Louie Mark Barry (born 21 June 2003) is an English professional footballer who plays as a striker and winger for EFL League Two club Salford City, on loan from Premier League club Aston Villa.

Having spent a decade in the West Bromwich Albion Academy he moved to Barcelona in 2019, becoming the first English player to join and play for the La Masia academy. He subsequently joined the Aston Villa Academy in January 2020. Barry has represented both England and the Republic of Ireland at youth international level.

Early and personal life
Barry was born in Sutton Coldfield, and has dual British and Irish citizenship. He attended Bishop Walsh Catholic School. In February 2020, he said that he had been an Aston Villa fan his entire life.

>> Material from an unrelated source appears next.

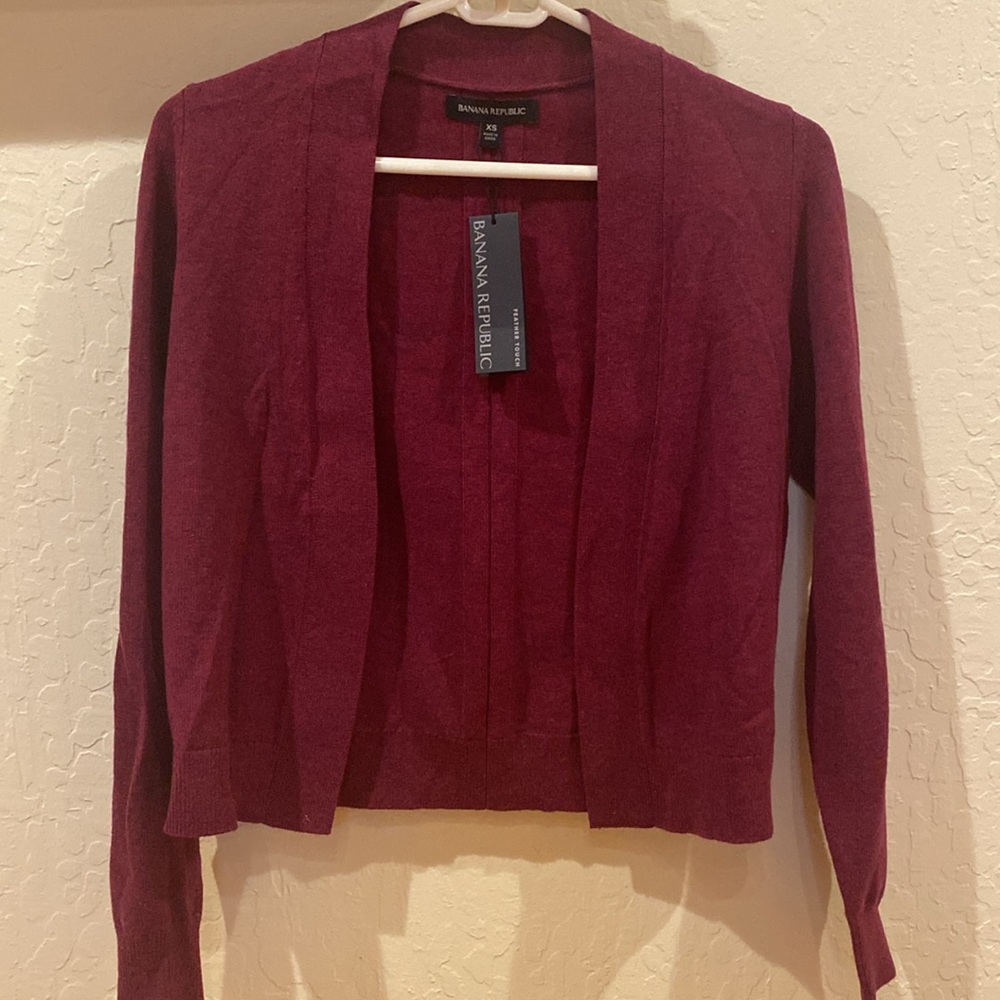 Banana Republic Swing Cardigan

Barry is of no relation to the former Aston Villa player Gareth Barry.

Club career

Early career 
Barry played for local Sutton Coldfield side, Sutton United as an under-8 where he played with future teammate Tim Iroegbunam. Barry joined the West Bromwich Albion academy at the age of six and by 2018, had progressed to the U21 squad.

Barcelona 
After spending ten years with West Bromwich Albion, Barry signed a three-year contract with Spanish club Barcelona in July 2019. He had previously been close to signing for French club Paris Saint-Germain. He became the first English player to join La Masia. In September 2019 it was announced that Albion were going to report Barcelona to FIFA over the transfer, claiming that they had not received the compensation they were due. Barcelona contested this, however, stating that they did not believe that his scholarship for Albion had any international standing, and that they would wait for the verdict from FIFA. He subsequently had to wait three months for his international registration to be confirmed which meant he missed the first seven matches of the Barcelona under-19 season. A judge ultimately ruled in favour of Barcelona and in November 2021 stated that Albion were due no further compensation.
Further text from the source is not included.